:: Dataset records
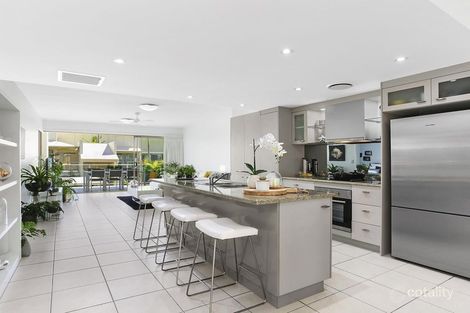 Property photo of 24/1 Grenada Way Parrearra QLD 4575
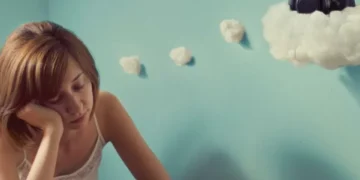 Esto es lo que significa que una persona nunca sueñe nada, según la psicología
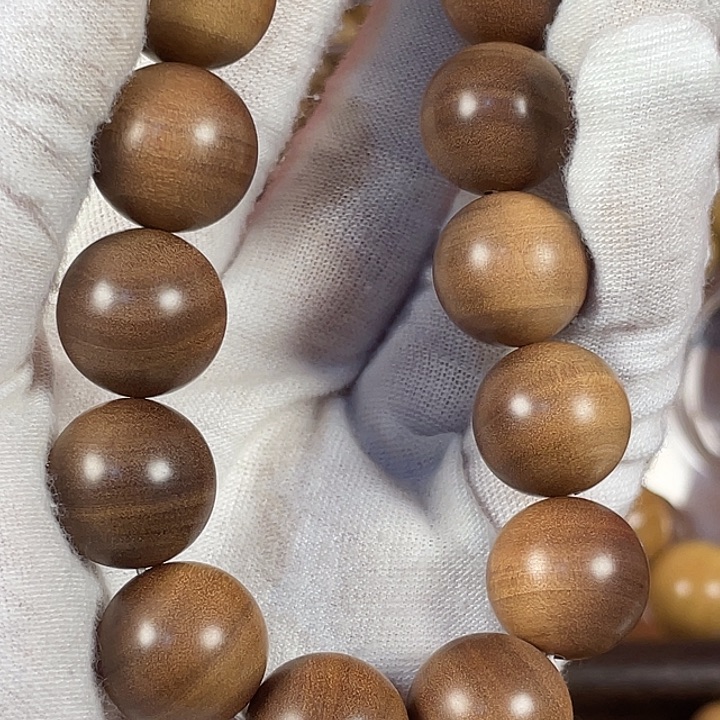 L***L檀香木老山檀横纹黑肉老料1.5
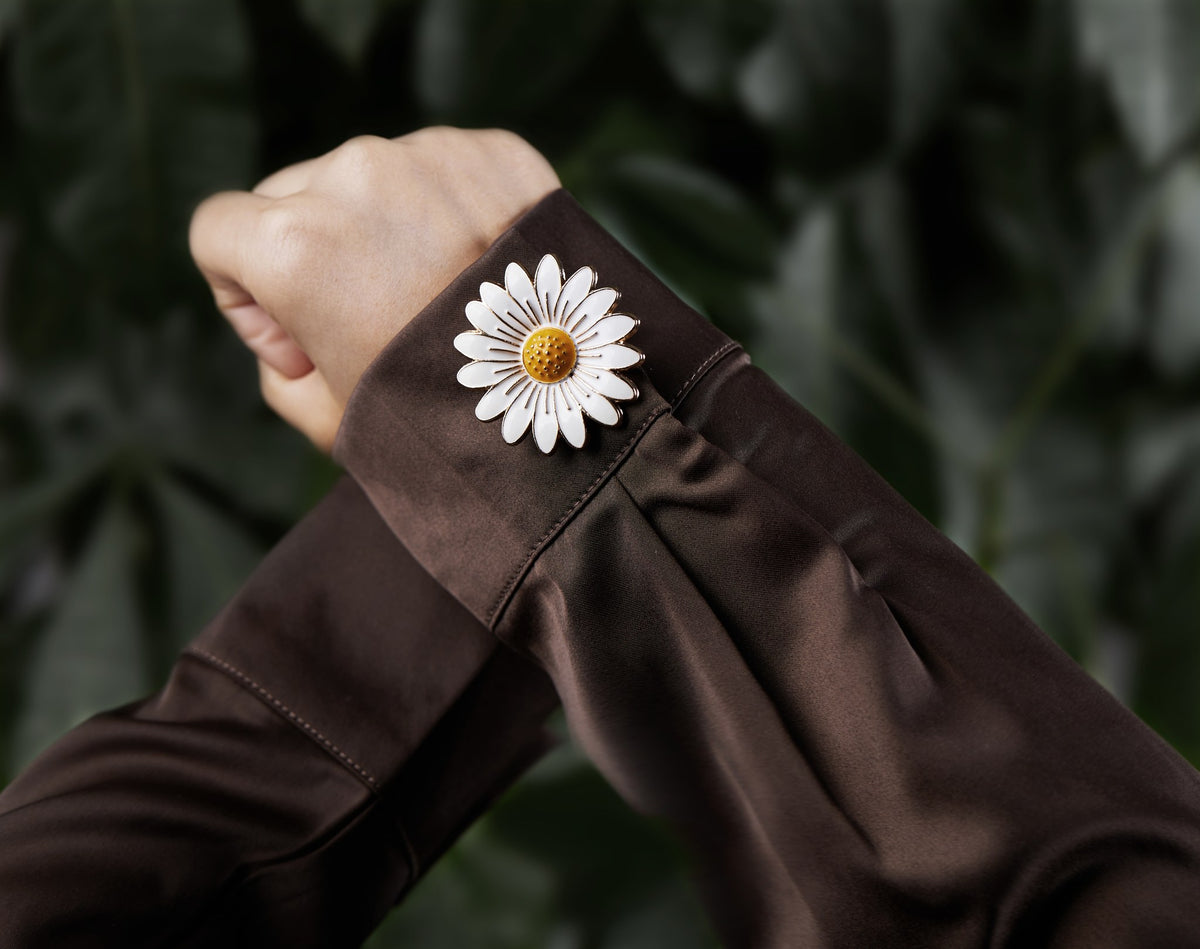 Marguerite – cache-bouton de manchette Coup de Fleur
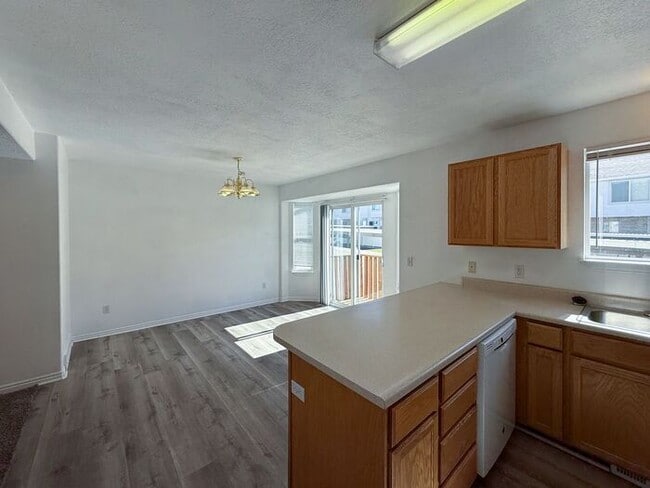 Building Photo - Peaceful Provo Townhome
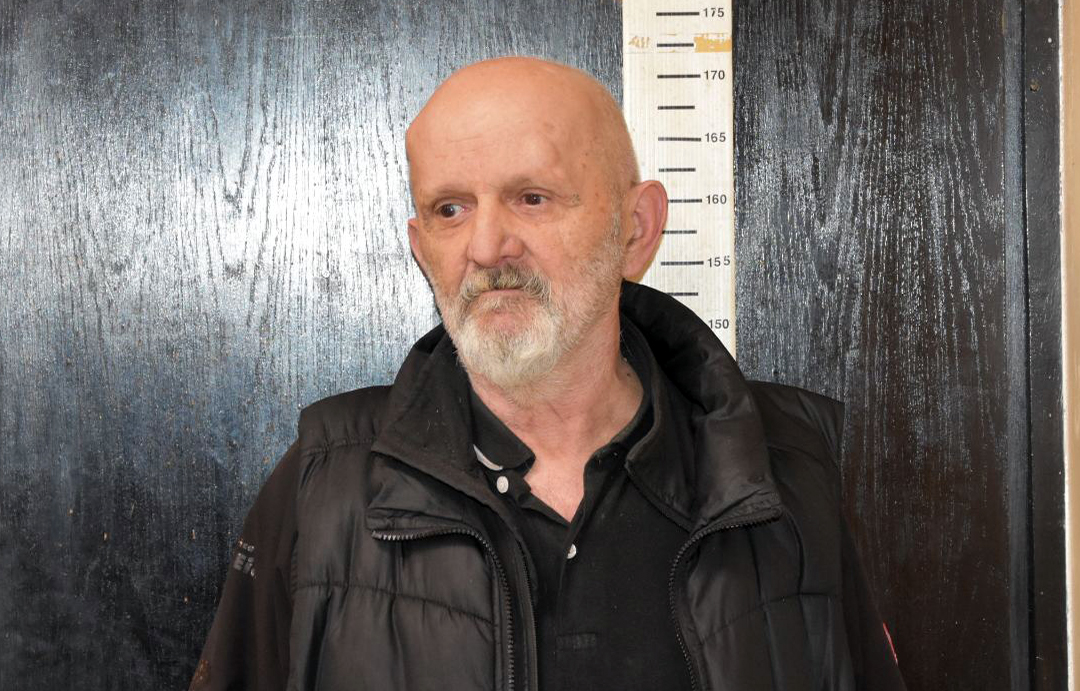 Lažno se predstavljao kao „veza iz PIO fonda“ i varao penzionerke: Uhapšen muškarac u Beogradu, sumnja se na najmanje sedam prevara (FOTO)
::::
:: Dataset records
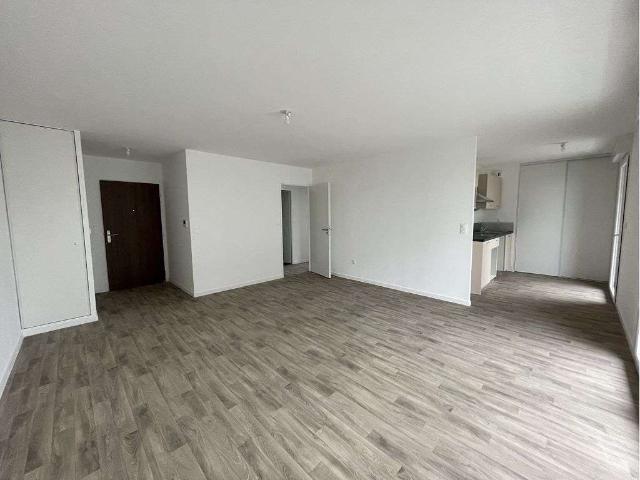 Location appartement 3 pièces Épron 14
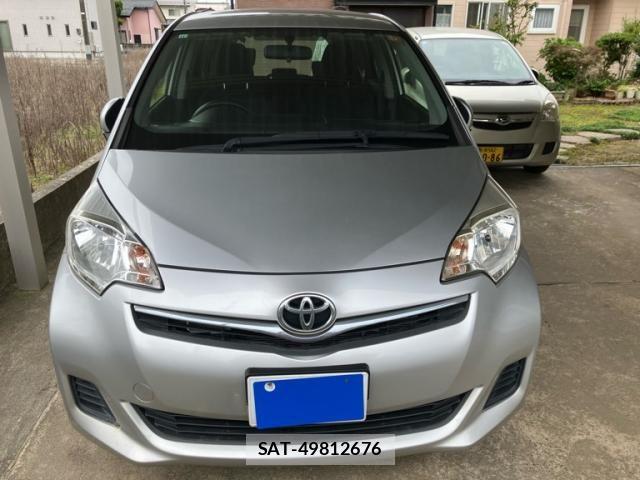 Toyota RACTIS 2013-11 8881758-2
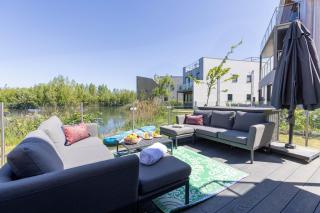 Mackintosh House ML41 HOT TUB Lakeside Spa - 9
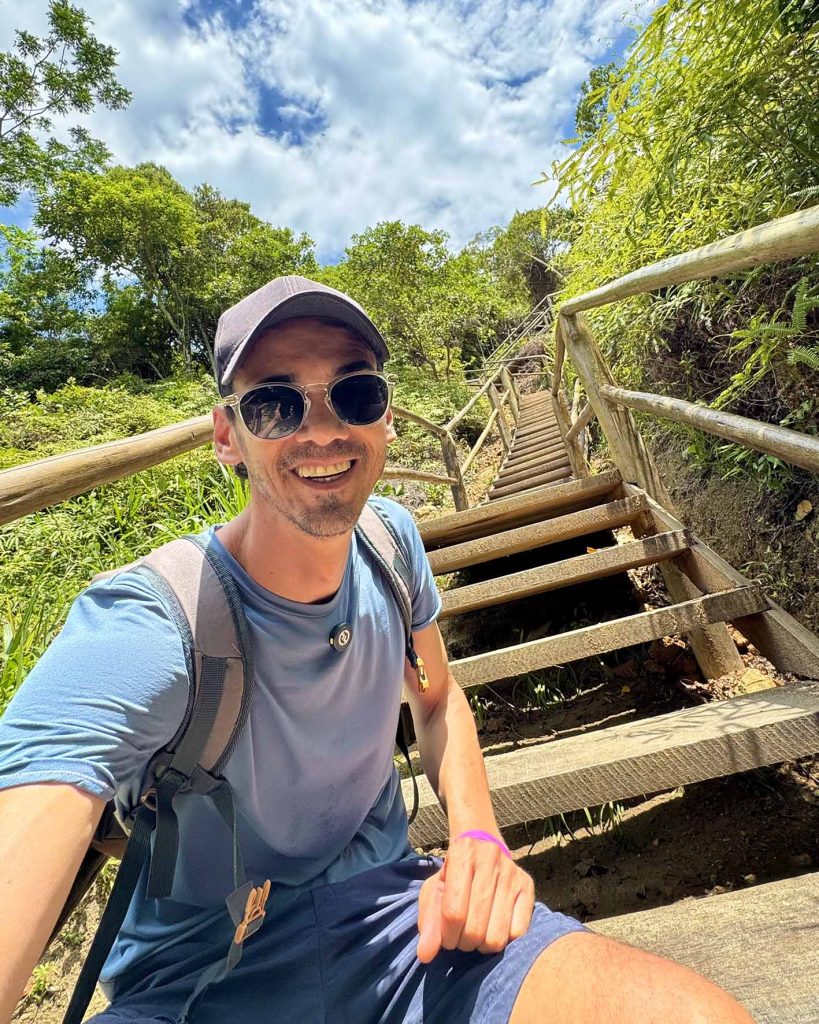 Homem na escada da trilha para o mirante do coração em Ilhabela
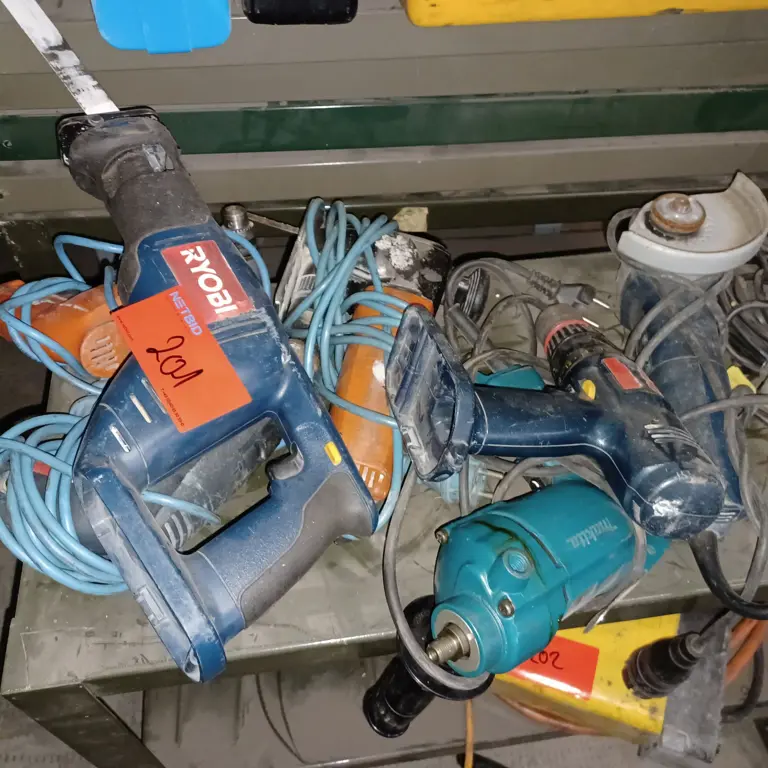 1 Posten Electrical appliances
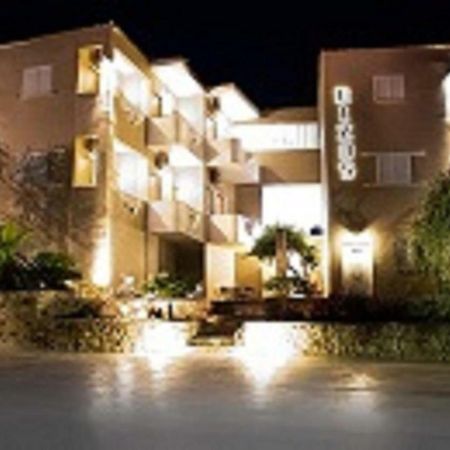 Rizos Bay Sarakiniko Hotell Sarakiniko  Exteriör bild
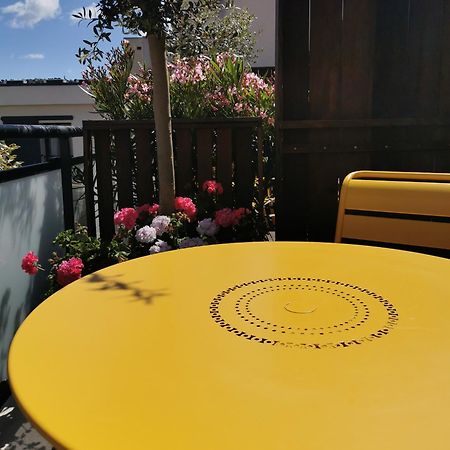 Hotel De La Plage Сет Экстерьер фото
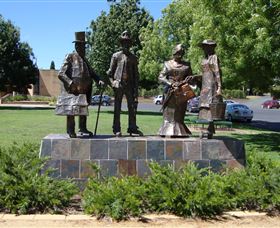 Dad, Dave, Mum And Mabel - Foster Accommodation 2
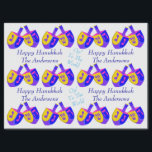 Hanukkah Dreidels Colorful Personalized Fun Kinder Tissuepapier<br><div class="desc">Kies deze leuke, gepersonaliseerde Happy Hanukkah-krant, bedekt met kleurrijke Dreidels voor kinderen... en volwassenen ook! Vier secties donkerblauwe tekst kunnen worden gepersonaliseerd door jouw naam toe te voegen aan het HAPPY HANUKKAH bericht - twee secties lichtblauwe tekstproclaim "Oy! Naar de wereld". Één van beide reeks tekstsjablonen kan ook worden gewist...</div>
::::
:: Dataset records
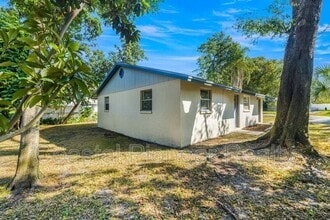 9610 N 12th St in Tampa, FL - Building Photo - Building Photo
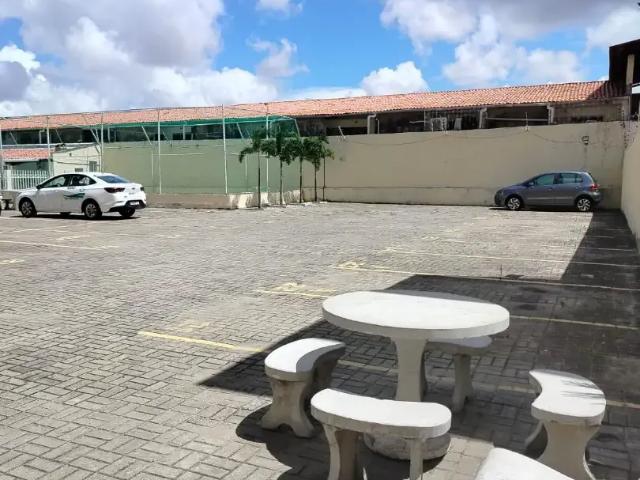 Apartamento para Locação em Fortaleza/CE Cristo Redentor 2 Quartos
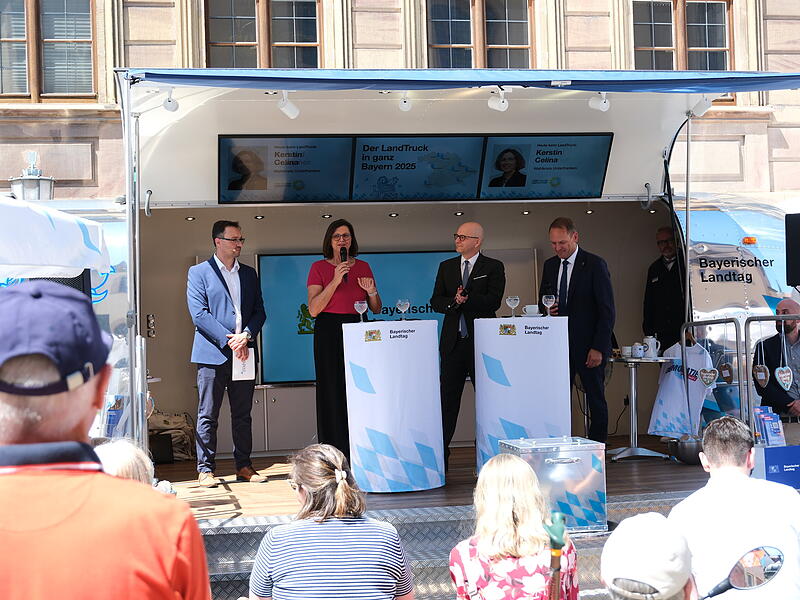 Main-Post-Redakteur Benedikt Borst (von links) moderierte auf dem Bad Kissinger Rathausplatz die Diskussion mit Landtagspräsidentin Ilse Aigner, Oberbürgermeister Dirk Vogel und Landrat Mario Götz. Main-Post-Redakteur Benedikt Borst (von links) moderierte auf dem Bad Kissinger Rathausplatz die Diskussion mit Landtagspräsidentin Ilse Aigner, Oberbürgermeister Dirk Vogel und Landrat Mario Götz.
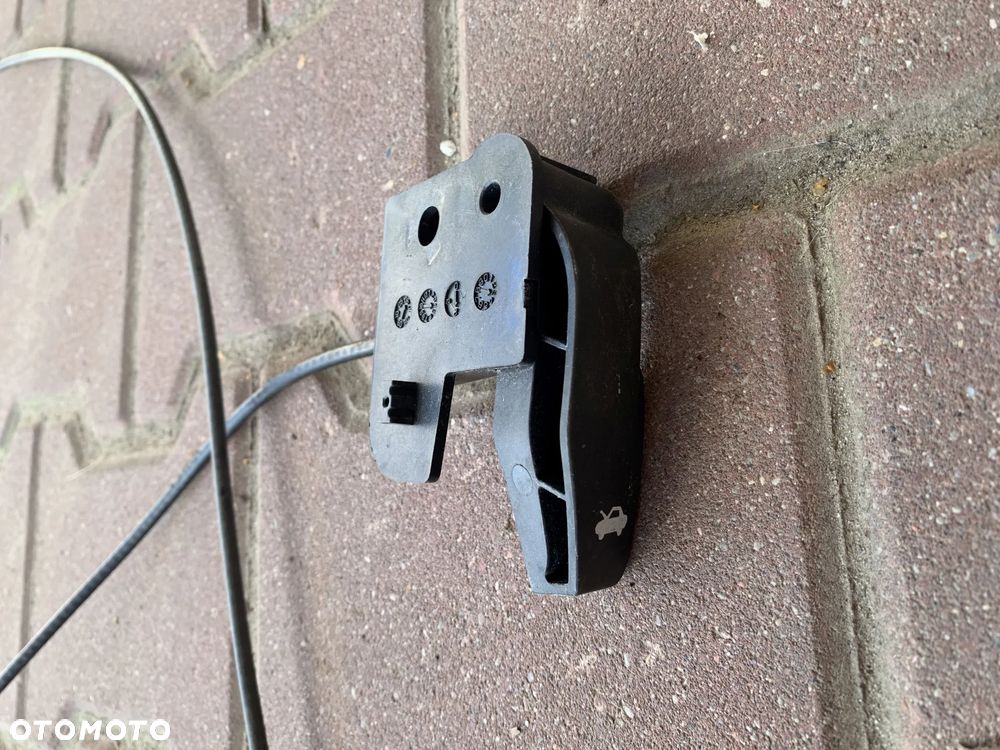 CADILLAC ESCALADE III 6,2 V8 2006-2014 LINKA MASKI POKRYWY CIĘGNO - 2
::::
## Required action
Copy nothing but the lines above from the one with "Property photo of" to the one with "Lažno se predstavljao", inclusive, word for word. Leave every picture out.

## Answer area
 Property photo of 24/1 Grenada Way Parrearra QLD 4575
 Esto es lo que significa que una persona nunca sueñe nada, según la psicología
 L***L檀香木老山檀横纹黑肉老料1.5
 Marguerite – cache-bouton de manchette Coup de Fleur
 Building Photo - Peaceful Provo Townhome
 Lažno se predstavljao kao „veza iz PIO fonda“ i varao penzionerke: Uhapšen muškarac u Beogradu, sumnja se na najmanje sedam prevara (FOTO)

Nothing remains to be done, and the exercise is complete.